* [Problem requirements]: The material below includes pictures; leave them out and return only the lines between the line containing "Privacy Protection Case" and the line containing "F15 | AUTOKITSHOP", inclusive, word for word.

* [Records to process]:
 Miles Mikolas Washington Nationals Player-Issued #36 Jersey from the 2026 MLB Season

--

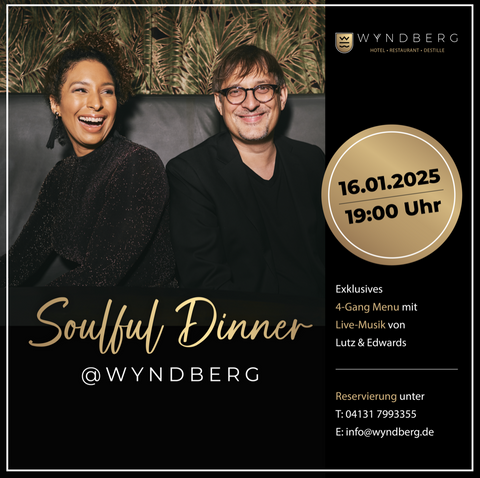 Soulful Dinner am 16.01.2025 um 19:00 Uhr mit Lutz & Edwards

==

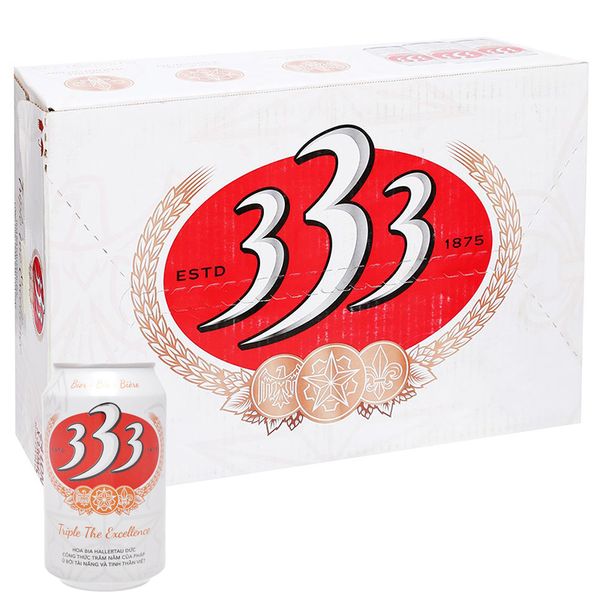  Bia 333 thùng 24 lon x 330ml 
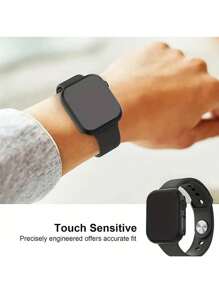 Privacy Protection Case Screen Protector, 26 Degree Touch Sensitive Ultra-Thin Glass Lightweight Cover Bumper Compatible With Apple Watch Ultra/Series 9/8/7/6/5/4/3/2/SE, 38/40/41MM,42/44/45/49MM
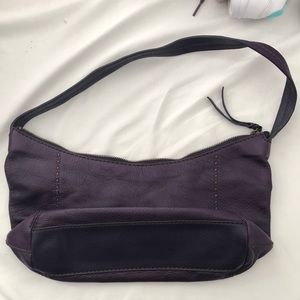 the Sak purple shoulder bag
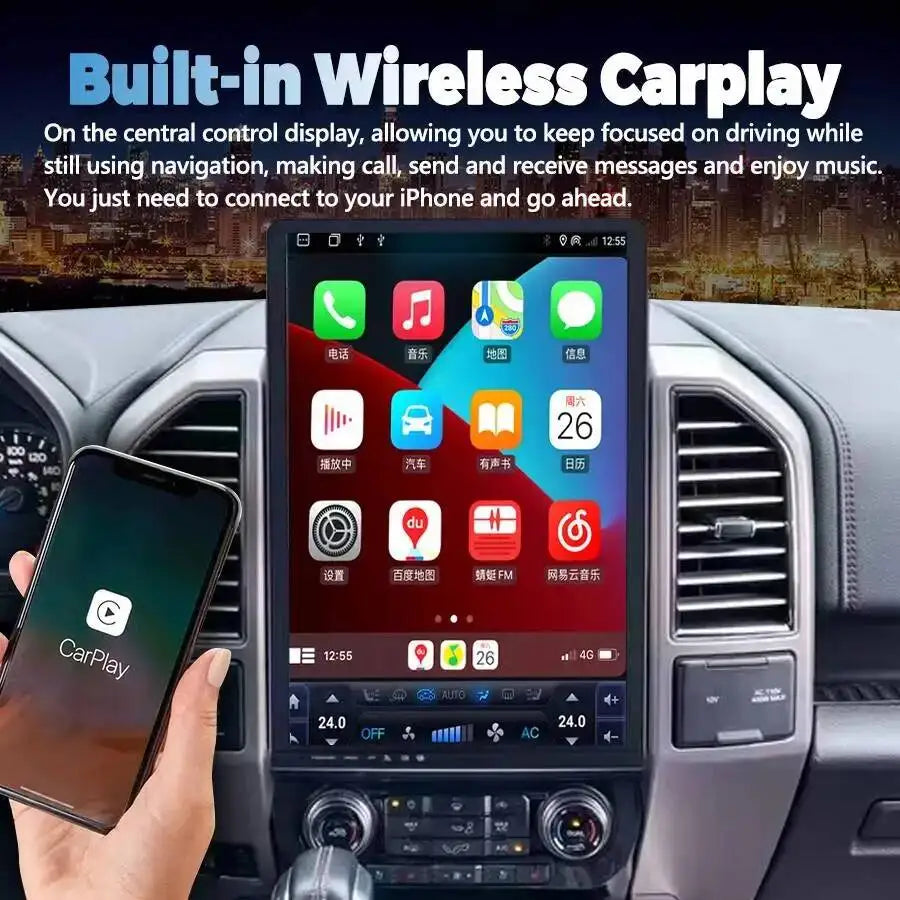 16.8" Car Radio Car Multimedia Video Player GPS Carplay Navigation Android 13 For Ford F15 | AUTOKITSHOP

* [Problem solution]:
 Privacy Protection Case Screen Protector, 26 Degree Touch Sensitive Ultra-Thin Glass Lightweight Cover Bumper Compatible With Apple Watch Ultra/Series 9/8/7/6/5/4/3/2/SE, 38/40/41MM,42/44/45/49MM
 the Sak purple shoulder bag
 16.8" Car Radio Car Multimedia Video Player GPS Carplay Navigation Android 13 For Ford F15 | AUTOKITSHOP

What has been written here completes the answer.